Ainsi donc l’immersion intensive est pédagogiquement excellente pour le français au Canada. Elle ne se fait pas au détriment de l’anglais, le plus souvent maternel, et même au contraire, comme le montrent les évaluations et études.

Ainsi donc pour reprendre les propos ministériels « Sur le plan pédagogique il y a une véritable question… sur le ministre » !

Cependant nous ne saurions trop le remercier d’avoir révélé ce que nous observons depuis longtemps, à savoir l’étendue de l’ignorance de notre Ministère en la matière.

Le niveau de raisonnement est affligeant : puisqu’il n’y a qu’une langue pendant les premières années c’est de l’unilinguisme !

C’est du même niveau que de dire que le soleil tourne autour de la Terre car on le voit se lever le matin et se coucher le soir !

Ce n’est parce que l’on emploie le mot « cognitif » qu’on raisonne juste.

Ce Ministre, agrégé de droit public et docteur en droit constitutionnel, titre de haute compétence pédagogique, fut Degesco (Directeur de l’Enseignement Scolaire), principal responsable de la pédagogie au ministère. Ce fut un temps de grandes réductions de postes, années très profitables à l’enseignement et de glorieuse mémoire éducative…

On dit que l’école va mal en France : cherchez l’erreur !

Non Monsieur le Ministre.

L’immersion est excellente pour le français et aussi pour l’anglais des canadiens.
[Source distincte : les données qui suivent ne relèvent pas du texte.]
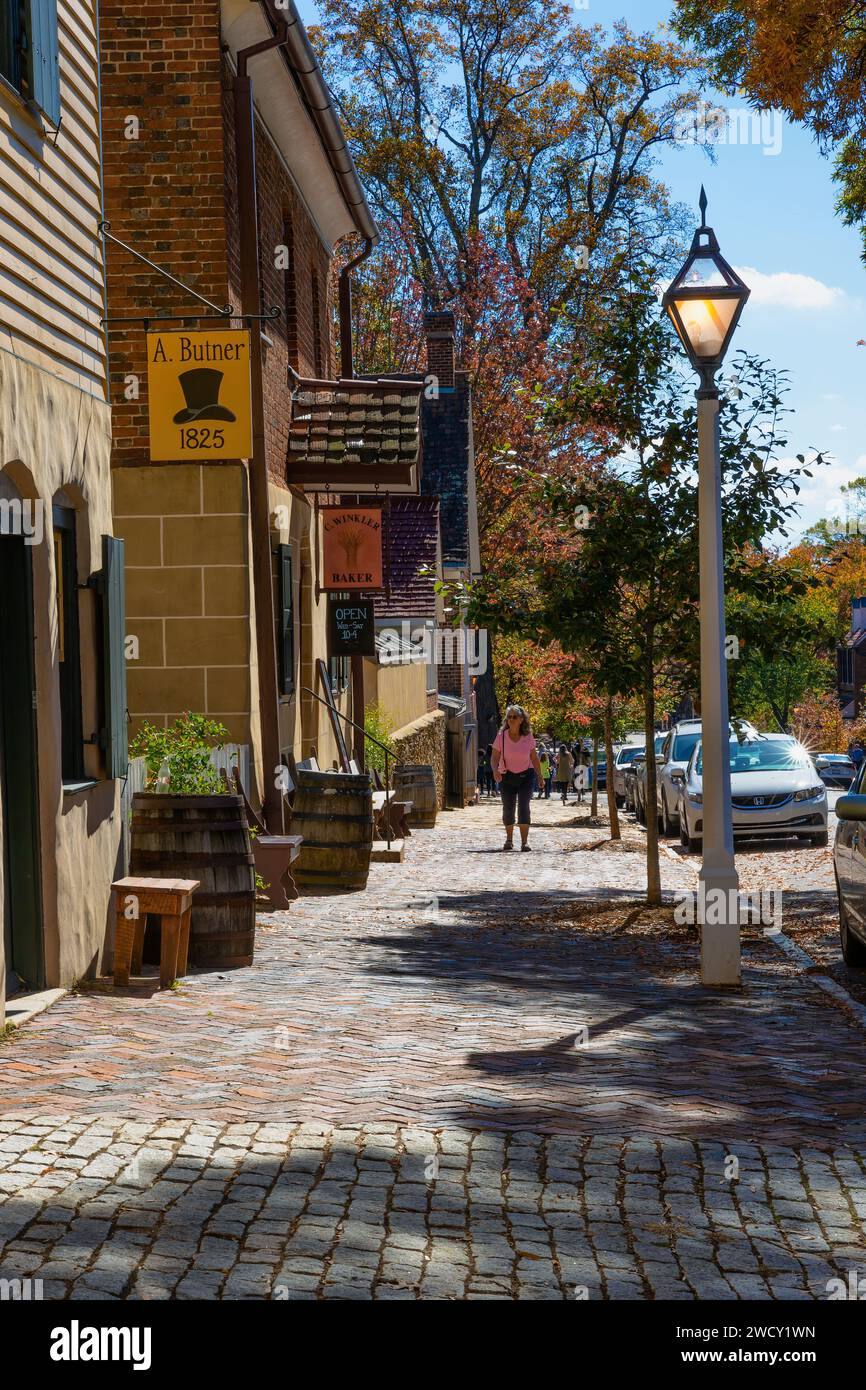 Old Salem, North Carolina, USA - 26. Oktober 2023: Blick auf die Schilder und Gebäude von Geschäften in dieser historischen Stadt. Stockfoto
Elle est très bonne pour les langues régionales et le français dans notre pays. Les résultats au Brevet et Bac des bretons de Diwan et des basques de Seaska en témoignent.

En outre l’immersion présente 2 avantages importants :

1 ) elle ouvre vraiment aux autres langues par un bilinguisme additif : ces jeunes là apprennent mieux les autres langues.

2 ) elle ne coûte rien car elle ne coûte pas plus cher que l’école monolingue française qui, elle, fait que les enfants français sont si mauvais dans les langues étrangères.

Nous continuerons donc à développer cet enseignement immersif qui, donnant de l’avenir à nos langues, agit pour la défense de la diversité culturelle de notre monde tout en formant des jeunes plurilingues ouverts à toutes les diversités.

Il serait utile pour elle, pour son patrimoine et pour son avenir, que la France s’y mette et soutienne vraiment l’immersion dans ses langues régionales qui sont portées dans la Constitution (art 75-1).